Based on the identified significant molecular features and optimal hyperparameter, a random forest regression model was subsequently trained and evaluated on both training and testing subsets for each fingerprint type to develop three robust ML-QSAR models, including PubChem, Substructure and MACCS fingerprints, to relate the molecular features with pIC₅₀ values.

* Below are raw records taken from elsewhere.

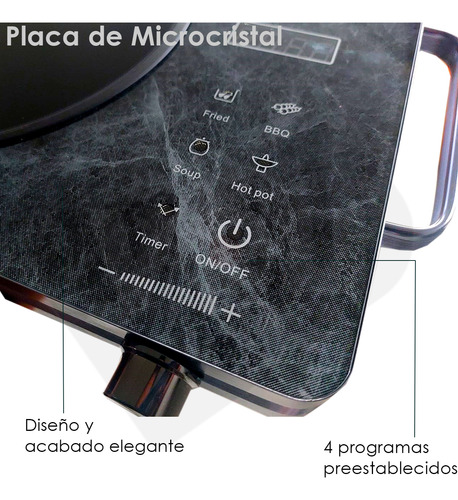 Set De 2 Parrillas Estufa De Induccion Magnetica 4 Modos You Gris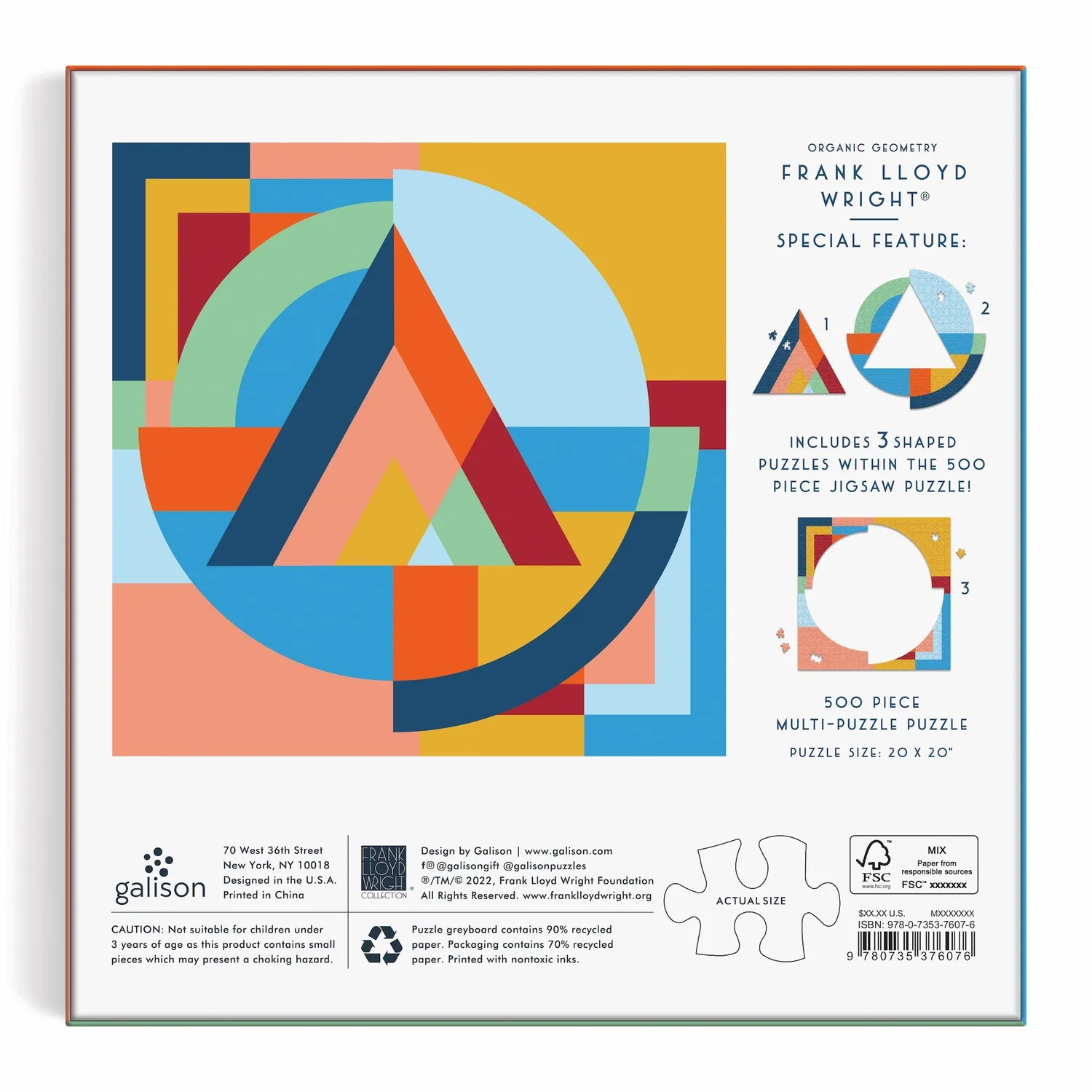 Good Puzzle Co. Frank Lloyd Wright Organic Geometry puslespil 500 brikker multi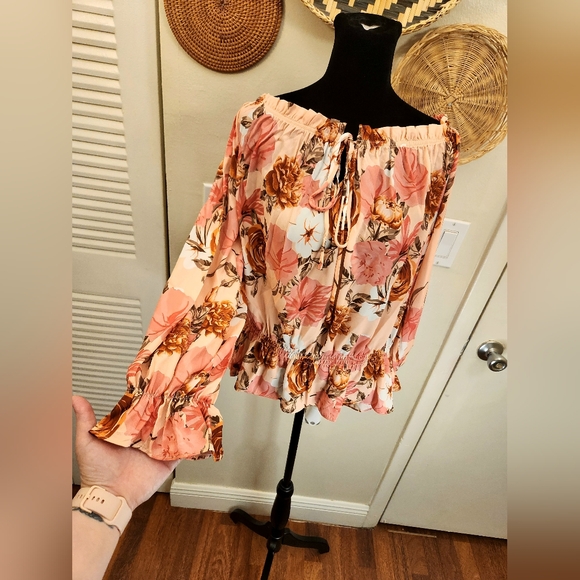 Boho Off The Shoulder Long Sleeve Floral Blouse - Picture 9 of 14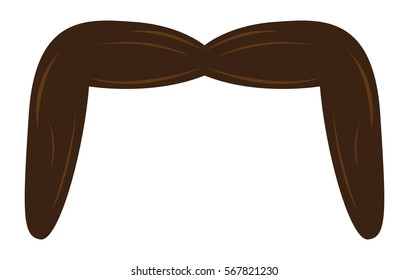 Isolated brown mustache on a white background, Vector illustration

Random forest (RF) is a supervised machine learning technique that, as individual predictors, utilizes an ensemble of decision trees and aggregates their predictions to reduce the tendency of individual trees to overfit the data and enhance overall model performance [66]. By training multiple trees on different data subsets, RF effectively minimize overfitting and improve predictive accuracy on previously unseen data [67]. It is also appropriate for dealing with unbalanced data and is not sensitive to uninformative variables and outliers [68]. Many studies have shown that RF is advantageous in many respects, including its resistance to overfitting, efficient learning, robustness to noise data, and the ability to evaluate the importance of variables effectively [69].

3.5. Validation and Interpretation of the ML-QSAR Models

Performance is generally measured in regression problems using a set of standard metrics, including mean absolute error (MAE), mean squared error (MSE), root mean squared error (RMSE), R-squared, and Q-squared score. These metrics offer valuable insights into both the accuracy of predictions and the model’s generalization capability to unseen data [31]. Scikit-learn package (version 0.23.1) was used for calculating various validation metrics like R-squared (R²), MAE, MSE and RMSE for all ML-QSAR prediction models as shown in Equations (1), (2), (3) and (4), respectively.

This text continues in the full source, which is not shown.